JAMS ADR Blog by Chris Poole
Once upon a time some 35 years ago, mediation was talked about in the United States as a tool to cure dissatisfactions with the civil justice system. The great early teachers and scholars of mediation — Frank Sanders, Christopher Moore, Leonard Riskin and others — envisioned a process focused on party autonomy that would allow disputants not merely to resolve an immediate legal problem, but to reorient their personal or business relationships into a productive path. Early mediations were usually conducted without counsel in a highly facilitative model in which the parties and the mediator remained together for all or most of the session.
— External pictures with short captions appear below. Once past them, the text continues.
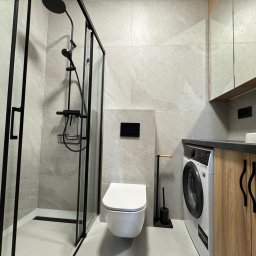 DreamBudTeam Sp.z o. o. - Nowoczesna łazienka z kabiną prysznicową typu walk-in, podwieszaną toaletą i pralką w zabudowie. Szare płytki imitujące kamień i czarne akcenty.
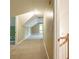 Hallway with neutral carpet leading to several rooms at 550 Oak Ridge Dr, Oxford, GA 30054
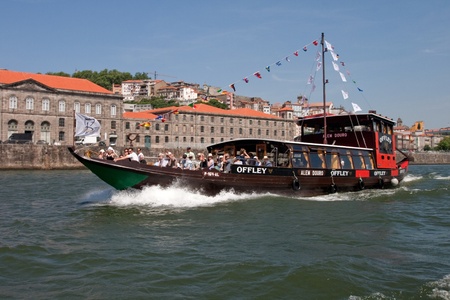 Porto, Portugal - May 14, 2011: Changed Rabelo ship carrying tourists between the bridges of the river Douro showing the riverside area of ââPorto and Vila Nova de Gaia.のeditorial素材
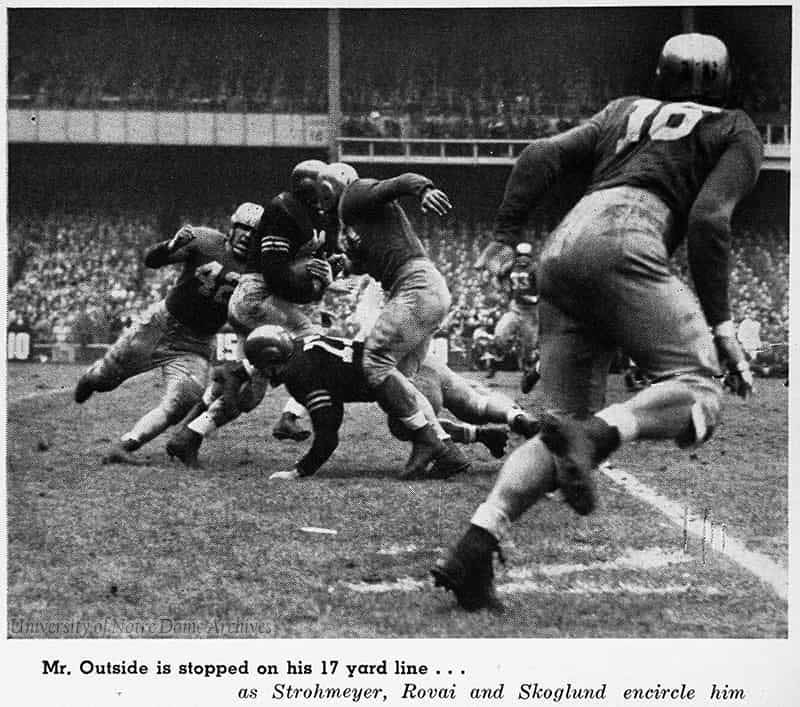 Football player running with the ball with caption 'Mr. Outside [Gerry Cowhig] is stopped on his 17 yard line ... as Strohmeyer, Rovai and Skoglund encircle him.'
This model in legal mediations has, of course, largely given way as attorneys entered, and came to dominate, the process. Legal mediation today relies heavily on private caucusing and has largely abandoned any substantive joint session. Mediators are likely to be highly directive, if not explicitly evaluative, in pushing the parties to an agreement. Party autonomy has receded, while the power of attorneys and the mediator to influence the result has expanded. One result of this evolution is the growing use of the mediator’s proposal to bring about closure.
A frequently employed tactic, the mediator’s proposal, works like this: The parties have exhausted their ability to negotiate further. Neither side can in good conscience accept further compromises. But they are close enough to a deal that both sides appreciate that a final effort makes sense. Assume plaintiff is demanding $250,000, and defendant has offered $190,000. The mediator proposes a dollar number (or more detailed terms) between the two positions, based not on a legal evaluation of the case but on the mediator’s judgment as to a number that both sides are most likely to accept. A mediator may tell the parties that her proposal has nothing to do with Truth and Justice, but is the number her stomach tells her is most likely to draw two “Yes” responses. Each side may say “Yes” or “No.” If there are two “yes” responses, there is a settlement. If there is a “Yes” and a “No” or two “No’s,” the mediator says only that there is no settlement — without revealing the responses of either side. Therefore, each side knows that it may respond “Yes” secure in the knowledge that its compromise will never be disclosed unless there is a deal.
A busy legal mediator reports that he now uses a mediator’s proposal in about two-thirds of his cases. Why? First, it works. Neurological research teaches that reactive devaluation – the tendency to reject any proposal from an opponent – diminishes greatly when a neutral proposes the compromise. Second, attorneys with mediation experience have come to expect a mediator’s proposal and negotiate accordingly: intentionally leaving bargaining room open knowing that the mediator will propose the one final compromise. Thus cases that would likely have settled through party negotiation alone now arrive at impasse as each side anticipates a mediator’s proposal. Third, a mediator’s proposal allows the party representatives to feel — and to tell their bosses — that they held firm but the mediator “made them do it.”